File: /backup_directory/katello-backup-2019-02-12-01-00-06/.pulp.snar
Detected snapshot file version: 2

Device 0xfd00 occurs 22372 times.

#./tar-snapshot-edit /backup_directory/katello-backup-2019-02-11-01-00-07/.pulp.snar

File: /backup_directory/katello-backup-2019-02-11-01-00-07/.pulp.snar
Detected snapshot file version: 2

Device 0xfd00 occurs 22372 times.

No it is not related to running via cron/shell issue.
Instead in brief, i would like to mention below:

On sunday, it should be full backup, other day should be incremental as per script
BUT, the other day as well script takes full backup,
AND if I run the script again (lets say on Monday, thru cron or CLI, it takes incremental)
BECAUSE the folder with today’s date is already present.

I hope this makes sense in investigating further.
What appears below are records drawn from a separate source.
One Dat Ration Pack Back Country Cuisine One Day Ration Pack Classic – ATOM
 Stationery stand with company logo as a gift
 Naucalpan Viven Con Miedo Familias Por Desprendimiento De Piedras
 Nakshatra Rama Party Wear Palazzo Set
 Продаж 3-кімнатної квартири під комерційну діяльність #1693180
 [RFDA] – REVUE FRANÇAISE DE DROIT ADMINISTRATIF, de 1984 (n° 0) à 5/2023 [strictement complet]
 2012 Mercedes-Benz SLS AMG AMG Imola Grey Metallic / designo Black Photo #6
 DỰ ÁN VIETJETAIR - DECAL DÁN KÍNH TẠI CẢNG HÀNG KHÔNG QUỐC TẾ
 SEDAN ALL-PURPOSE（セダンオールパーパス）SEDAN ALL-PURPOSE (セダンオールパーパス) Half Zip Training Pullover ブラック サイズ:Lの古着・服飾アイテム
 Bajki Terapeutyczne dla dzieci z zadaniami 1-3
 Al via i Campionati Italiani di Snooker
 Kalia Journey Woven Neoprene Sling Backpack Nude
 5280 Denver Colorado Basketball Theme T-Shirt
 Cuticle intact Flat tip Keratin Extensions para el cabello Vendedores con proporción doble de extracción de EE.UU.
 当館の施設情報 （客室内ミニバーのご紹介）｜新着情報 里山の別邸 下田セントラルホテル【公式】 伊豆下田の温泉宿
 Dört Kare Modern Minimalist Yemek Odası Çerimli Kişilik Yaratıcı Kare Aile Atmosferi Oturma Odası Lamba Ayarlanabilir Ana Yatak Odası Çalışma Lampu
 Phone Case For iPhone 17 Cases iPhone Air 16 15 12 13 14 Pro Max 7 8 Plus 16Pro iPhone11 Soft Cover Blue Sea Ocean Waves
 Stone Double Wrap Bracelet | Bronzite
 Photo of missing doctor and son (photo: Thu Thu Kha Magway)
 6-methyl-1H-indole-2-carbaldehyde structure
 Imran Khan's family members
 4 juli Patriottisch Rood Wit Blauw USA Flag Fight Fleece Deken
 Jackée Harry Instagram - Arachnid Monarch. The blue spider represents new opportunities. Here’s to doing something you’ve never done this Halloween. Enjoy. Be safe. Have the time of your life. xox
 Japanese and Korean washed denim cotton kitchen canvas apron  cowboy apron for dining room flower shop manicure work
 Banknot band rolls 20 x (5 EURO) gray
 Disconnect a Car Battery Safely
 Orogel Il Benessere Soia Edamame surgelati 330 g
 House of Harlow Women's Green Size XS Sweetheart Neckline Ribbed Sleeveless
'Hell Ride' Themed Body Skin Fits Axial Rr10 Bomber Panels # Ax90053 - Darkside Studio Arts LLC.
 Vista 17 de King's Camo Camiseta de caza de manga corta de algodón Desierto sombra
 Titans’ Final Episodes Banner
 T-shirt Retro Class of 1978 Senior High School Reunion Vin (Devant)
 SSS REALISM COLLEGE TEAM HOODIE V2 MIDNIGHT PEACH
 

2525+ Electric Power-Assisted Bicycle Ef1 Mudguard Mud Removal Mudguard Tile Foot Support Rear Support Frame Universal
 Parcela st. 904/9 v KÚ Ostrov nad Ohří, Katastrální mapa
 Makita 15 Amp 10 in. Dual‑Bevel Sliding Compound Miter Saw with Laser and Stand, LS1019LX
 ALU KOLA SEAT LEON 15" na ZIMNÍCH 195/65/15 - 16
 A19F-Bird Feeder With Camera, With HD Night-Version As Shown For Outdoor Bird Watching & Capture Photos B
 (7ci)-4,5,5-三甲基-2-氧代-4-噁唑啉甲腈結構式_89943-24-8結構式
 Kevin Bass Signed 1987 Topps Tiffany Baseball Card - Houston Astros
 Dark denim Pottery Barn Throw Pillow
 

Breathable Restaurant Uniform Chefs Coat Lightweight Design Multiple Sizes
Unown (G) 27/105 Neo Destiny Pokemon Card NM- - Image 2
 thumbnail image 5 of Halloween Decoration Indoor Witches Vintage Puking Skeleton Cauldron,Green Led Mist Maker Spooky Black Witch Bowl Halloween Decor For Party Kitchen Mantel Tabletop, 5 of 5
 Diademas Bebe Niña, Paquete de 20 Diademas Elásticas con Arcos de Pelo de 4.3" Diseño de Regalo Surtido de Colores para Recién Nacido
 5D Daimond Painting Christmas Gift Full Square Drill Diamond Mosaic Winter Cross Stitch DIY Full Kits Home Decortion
NOTE: I have not added --no-check-device option yet.

Thanks
Farista Singh


#29

Hi Martin,

I do not see any --no-check-device options in --help here:
##########################################################
#foreman-maintain backup offline --help
Usage:
foreman-maintain backup offline [OPTIONS] BACKUP_DIR

Parameters:
    BACKUP_DIR                    Path to backup dir

Options:
    -y, --assumeyes               Automatically answer yes for all questions
    -w, --whitelist whitelist     Comma-separated list of labels of steps to be skipped
    -f, --force                   Force steps that would be skipped as they were already run
    -s, --skip-pulp-content       Do not backup Pulp content
    -p, --preserve-directory      Do not create a time-stamped subdirectory
    -t, --split-pulp-tar SPLIT_SIZE Split pulp data into files of a specified size, i.e. (100M, 50G). See '--tape-length' in 'info tar' for all sizes
    -i, --incremental PREVIOUS_BACKUP_DIR Backup changes since previous backup
    --features FEATURES           Foreman Proxy features to include in the backup. Valid features are tftp, dns, dhcp, openscap, and all. (comma-separated list)
    --include-db-dumps            Also dump full database schema before offline backup
    -h, --help                    print help

#30

Hi Farista,
thanks for the information provided.

--no-check-device is option of tar not foreman-maintain. To add we would have to patch our backup script first. But as your device ids keeps preserved it should have no impact.

With the new findings it is not very clear where to look next as the original hypothesis (the problem is caused by running via cron) is not valid anymore. I’d suggest to find a clean minimal reproducer again.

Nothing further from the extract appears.